Company: $7.2M residential and commercial Fertilization company. 

Value Problem: Lack of customer density in the local geographic area, which impacted productivity, profit margins and revenues.

What Wasn’t Working:  

  • The company organically grew by 40% in one year by increasing sales and customer service staff to handle the new volume but they needed to increase customer density in their local service areas in order to maximize efficiency. 

What was done:  

  • The company had implemented a new digital marketing program that required an increased sales and customer service structure.  It positioned itself to grow and handle the business but then immediately needed additional revenue to pay for the structure in order to continue to grow. They sought out local competitors to acquire that would increase density in areas already serviced by the company to increase efficiency, reduce costs and increase market share.  

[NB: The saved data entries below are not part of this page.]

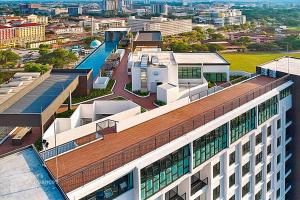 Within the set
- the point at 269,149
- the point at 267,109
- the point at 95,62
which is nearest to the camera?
the point at 267,109

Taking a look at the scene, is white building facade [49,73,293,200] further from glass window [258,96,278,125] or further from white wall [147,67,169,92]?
white wall [147,67,169,92]

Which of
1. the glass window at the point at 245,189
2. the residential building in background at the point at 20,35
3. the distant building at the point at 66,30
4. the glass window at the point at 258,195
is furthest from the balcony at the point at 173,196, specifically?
the distant building at the point at 66,30

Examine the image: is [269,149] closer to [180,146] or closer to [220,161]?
[220,161]

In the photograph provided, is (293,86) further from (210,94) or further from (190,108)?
(190,108)

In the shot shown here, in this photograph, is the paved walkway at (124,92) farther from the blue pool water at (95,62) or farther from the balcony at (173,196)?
the balcony at (173,196)

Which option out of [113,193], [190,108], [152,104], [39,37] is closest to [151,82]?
[152,104]

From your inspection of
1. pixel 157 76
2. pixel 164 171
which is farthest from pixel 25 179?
pixel 157 76

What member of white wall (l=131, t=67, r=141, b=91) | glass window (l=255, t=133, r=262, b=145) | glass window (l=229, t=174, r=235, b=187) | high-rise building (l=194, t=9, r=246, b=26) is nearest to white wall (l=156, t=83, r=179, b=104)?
white wall (l=131, t=67, r=141, b=91) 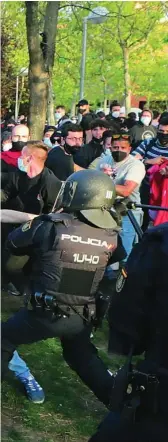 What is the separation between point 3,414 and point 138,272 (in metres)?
2.25

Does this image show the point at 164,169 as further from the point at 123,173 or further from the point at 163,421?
the point at 163,421

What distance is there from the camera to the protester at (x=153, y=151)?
719cm

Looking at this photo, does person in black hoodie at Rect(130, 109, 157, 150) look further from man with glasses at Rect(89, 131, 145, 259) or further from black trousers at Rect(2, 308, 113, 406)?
black trousers at Rect(2, 308, 113, 406)

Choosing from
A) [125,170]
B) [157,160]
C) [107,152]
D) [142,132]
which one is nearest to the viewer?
[125,170]

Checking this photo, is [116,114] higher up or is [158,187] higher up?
[116,114]

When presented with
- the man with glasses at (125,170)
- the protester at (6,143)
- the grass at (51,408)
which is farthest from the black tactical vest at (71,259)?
the protester at (6,143)

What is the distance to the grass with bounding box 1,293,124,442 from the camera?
3.96 metres

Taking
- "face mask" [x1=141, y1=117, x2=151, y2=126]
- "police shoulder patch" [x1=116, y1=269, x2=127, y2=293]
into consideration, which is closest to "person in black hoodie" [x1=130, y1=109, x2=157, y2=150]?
"face mask" [x1=141, y1=117, x2=151, y2=126]

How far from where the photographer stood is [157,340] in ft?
7.32

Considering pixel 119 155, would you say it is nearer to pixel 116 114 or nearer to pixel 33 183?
pixel 33 183

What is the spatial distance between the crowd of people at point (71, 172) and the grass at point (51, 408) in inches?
4.7

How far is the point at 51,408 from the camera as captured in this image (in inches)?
168

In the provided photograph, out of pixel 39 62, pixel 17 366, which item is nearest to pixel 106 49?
pixel 39 62

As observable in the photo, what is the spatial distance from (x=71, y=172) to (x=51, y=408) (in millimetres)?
2963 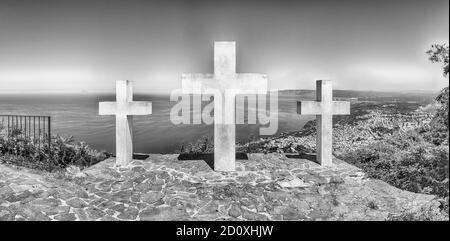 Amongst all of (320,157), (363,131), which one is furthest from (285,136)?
(320,157)

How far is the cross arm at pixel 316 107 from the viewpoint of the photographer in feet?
28.9

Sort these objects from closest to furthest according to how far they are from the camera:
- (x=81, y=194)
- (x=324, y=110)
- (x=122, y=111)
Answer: (x=81, y=194) < (x=122, y=111) < (x=324, y=110)

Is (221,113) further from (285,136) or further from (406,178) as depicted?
(285,136)

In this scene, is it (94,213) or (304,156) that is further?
(304,156)

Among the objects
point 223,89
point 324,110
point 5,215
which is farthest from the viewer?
point 324,110

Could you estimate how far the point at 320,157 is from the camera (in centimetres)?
899

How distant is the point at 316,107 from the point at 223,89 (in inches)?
101

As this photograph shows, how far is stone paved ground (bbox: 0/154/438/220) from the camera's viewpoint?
581cm

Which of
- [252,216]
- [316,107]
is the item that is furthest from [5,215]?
[316,107]

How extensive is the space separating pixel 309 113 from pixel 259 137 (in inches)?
277

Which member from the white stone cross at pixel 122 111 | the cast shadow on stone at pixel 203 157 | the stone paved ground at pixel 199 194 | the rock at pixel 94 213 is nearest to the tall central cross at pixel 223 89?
the stone paved ground at pixel 199 194

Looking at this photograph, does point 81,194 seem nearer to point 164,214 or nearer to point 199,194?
point 164,214

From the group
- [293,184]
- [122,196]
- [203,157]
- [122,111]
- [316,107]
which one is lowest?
[122,196]

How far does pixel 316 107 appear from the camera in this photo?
8.88m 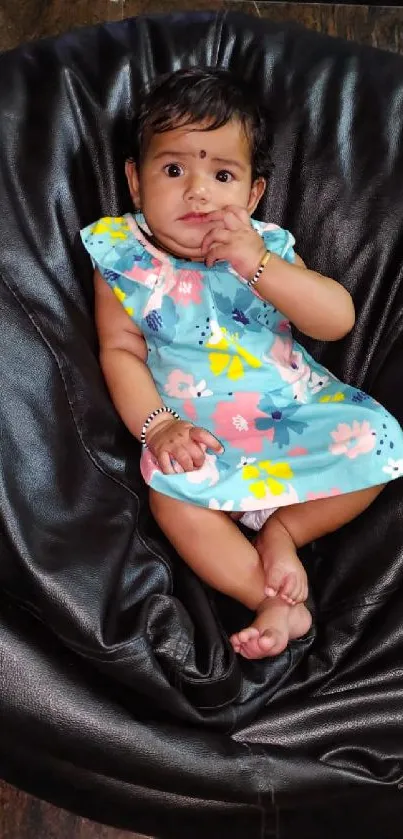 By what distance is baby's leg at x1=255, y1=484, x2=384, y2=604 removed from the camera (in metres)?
1.20

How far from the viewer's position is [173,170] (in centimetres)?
134

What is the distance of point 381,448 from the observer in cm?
123

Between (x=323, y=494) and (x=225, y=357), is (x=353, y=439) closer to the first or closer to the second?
(x=323, y=494)

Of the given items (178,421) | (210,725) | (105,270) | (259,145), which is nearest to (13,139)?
(105,270)

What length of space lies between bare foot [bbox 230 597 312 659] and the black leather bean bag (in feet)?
0.10

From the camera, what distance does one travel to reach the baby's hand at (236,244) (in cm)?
128

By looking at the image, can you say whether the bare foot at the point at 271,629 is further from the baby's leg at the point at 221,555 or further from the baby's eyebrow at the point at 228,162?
the baby's eyebrow at the point at 228,162

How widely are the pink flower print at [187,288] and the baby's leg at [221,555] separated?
30cm

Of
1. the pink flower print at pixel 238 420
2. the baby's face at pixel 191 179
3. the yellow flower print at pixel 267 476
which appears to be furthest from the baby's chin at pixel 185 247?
the yellow flower print at pixel 267 476

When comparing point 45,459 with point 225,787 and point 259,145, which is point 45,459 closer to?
point 225,787

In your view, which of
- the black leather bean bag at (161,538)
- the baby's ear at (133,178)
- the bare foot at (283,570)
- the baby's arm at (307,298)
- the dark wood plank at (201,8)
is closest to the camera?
the black leather bean bag at (161,538)

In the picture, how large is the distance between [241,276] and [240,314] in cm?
6

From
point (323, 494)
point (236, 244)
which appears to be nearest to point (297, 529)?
point (323, 494)

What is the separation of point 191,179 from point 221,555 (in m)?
0.53
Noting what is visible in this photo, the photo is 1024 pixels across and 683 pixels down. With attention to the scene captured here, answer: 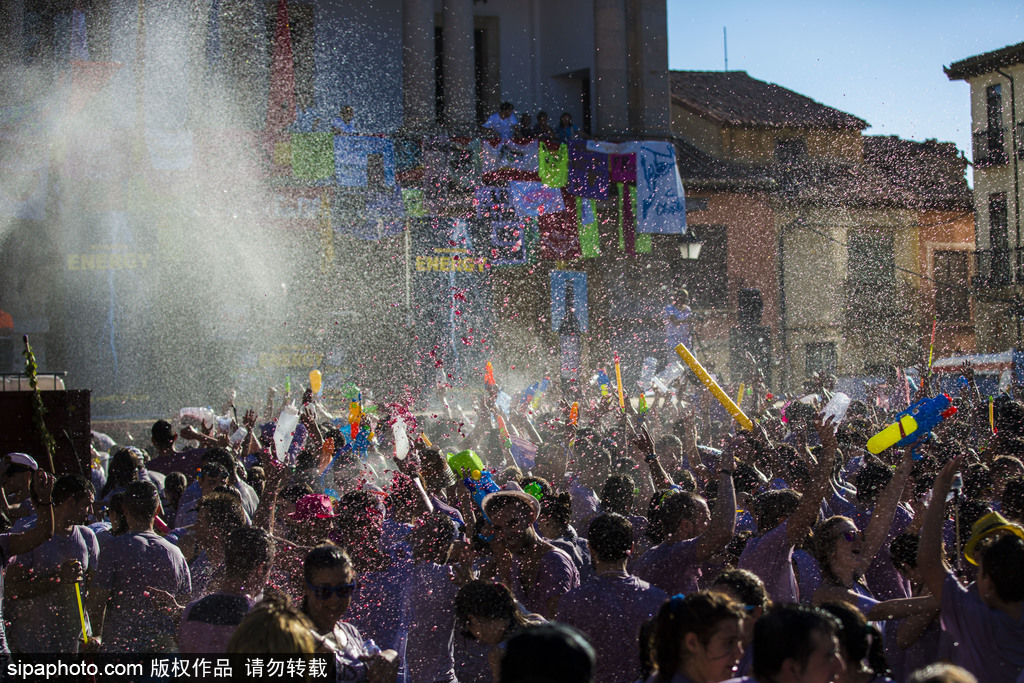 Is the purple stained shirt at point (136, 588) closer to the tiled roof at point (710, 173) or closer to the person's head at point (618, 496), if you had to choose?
the person's head at point (618, 496)

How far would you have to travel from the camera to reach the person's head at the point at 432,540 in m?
3.97

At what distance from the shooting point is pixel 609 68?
19.3 metres

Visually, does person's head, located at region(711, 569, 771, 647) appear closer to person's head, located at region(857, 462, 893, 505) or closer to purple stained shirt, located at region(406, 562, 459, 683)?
purple stained shirt, located at region(406, 562, 459, 683)

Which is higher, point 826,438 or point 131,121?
point 131,121

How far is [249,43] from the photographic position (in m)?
17.6

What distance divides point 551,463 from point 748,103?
2398cm

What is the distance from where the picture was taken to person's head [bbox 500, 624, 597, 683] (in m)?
2.10

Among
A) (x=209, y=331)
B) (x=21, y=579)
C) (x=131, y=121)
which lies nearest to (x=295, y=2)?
(x=131, y=121)

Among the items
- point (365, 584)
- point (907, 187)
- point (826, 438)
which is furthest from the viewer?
point (907, 187)

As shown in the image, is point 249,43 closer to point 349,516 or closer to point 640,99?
point 640,99

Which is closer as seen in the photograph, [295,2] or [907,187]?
[295,2]

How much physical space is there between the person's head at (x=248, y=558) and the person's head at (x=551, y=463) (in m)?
3.10

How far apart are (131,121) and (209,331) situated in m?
3.63

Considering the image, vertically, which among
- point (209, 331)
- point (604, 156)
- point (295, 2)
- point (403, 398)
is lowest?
point (403, 398) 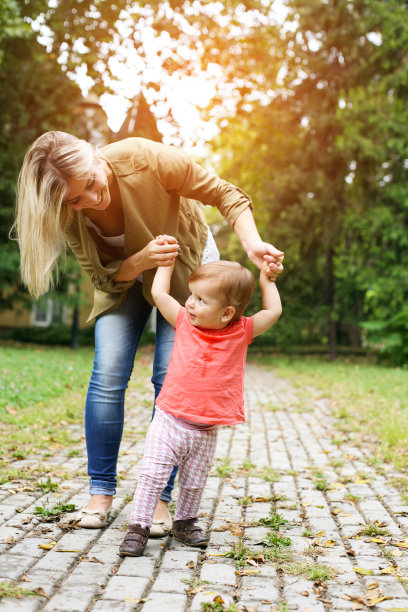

  • They were able to identify and acquire three small competitors that increased density allowing the company to improve profitability by 30%. 
  • Technician stops increased from 15 to 20 stops a day without increasing payroll or capital vehicle cost.  
  • This also provided the company the ability to cross sell (using the existing sales structure) and those new accounts improved profitability by opening up new lines of business.  
  • The company positioned itself to provide higher quality customer service, cross sell existing accounts, secure customer referrals and have the structure in place to double its business within a two year period

Value Driver:

  • By increasing customer density through acquisitions, the company was able to improve productivity, improve margins, reduce local competition, increase market share, drive increased cash flow, and increase profitability and therefore, company value.